Comment 4: As the authors rightly say, there is a problem with the imbalance in the data referring to the palmar and nail images. Although an attempt is made to reduce the problem, the author himself comments that the results are not entirely realistic. The solution is to obtain balanced data, i.e., more images.

Response 4: Thank you for highlighting this important issue regarding data imbalance in our study, particularly concerning the palmar and nail images. We recognize that while we made efforts to mitigate this problem, the results still reflect some limitations. As you pointed out, obtaining a more balanced dataset with a greater number of images will be crucial for enhancing the reliability and realism of our findings. We plan to focus on this aspect in future work to improve the robustness of our analyses and conclusions.

Comment 5: * The RexNet networks used can be confusing because if you search the Internet, you will find other RexNet (Rank Expansion Networks) that can be consulted at https://arxiv.org/abs/2007.00992.

Response 5: Thank you for your comment. We appreciate your observations regarding the potential for confusion with the RexNet terminology. While we acknowledge that there are other models with similar abbreviations, we believe it is acceptable as long as our paper clearly defines the term. The choice to retain the name "RexNet" is intentional, as it aligns with the original work on recurrent expansion notations that we are building upon. We made it sure that this connection is made explicit in the text to avoid any ambiguity.

Please see section 3 “…As previously mentioned, this work adopts RexNet, which builds upon both the LSTM network and recurrent expansion rules [24,49]…..”

Comment 6: In figure 6 appears a "Drpout layer" that should be "Dropout layer"

Response 6: Thank you for your comment.

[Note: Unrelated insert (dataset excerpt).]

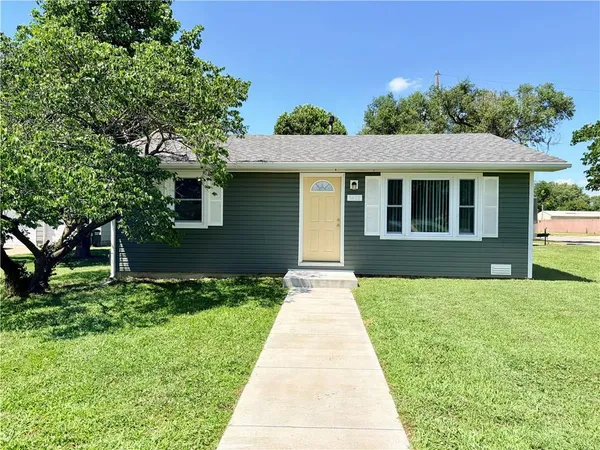 $142,000 | 1402 West Walnut Street, Nevada, MO 64772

This error has been corrected and figure is updated.

Comment 7: Figures 8 and 9 are not very informative and could be eliminated since, visually, they show no difference between LSTM and RexNet.

Response 7: Thank you for your comment. We appreciate your feedback regarding Figures 8 and 9. We have invested considerable effort in these figures, not only for their aesthetic appeal but also to ensure they convey meaningful information. To enhance their informative value, we have included zoomed-in sections in Figure 8 and added numerical reference points in both figures.

Comment 8: In table 3 there are two typos. "Mathod" should be "Method" and "Plam" (eighth row) should be "Palm".

Response 8: Thank you for your comments. These typos are corrected accordingly.

Author Response File: Author Response.pdf

Round 2

Reviewer 3 Report

Comments and Suggestions for Authors

The author has corrected the paper according to the comments. Now the paper can be published.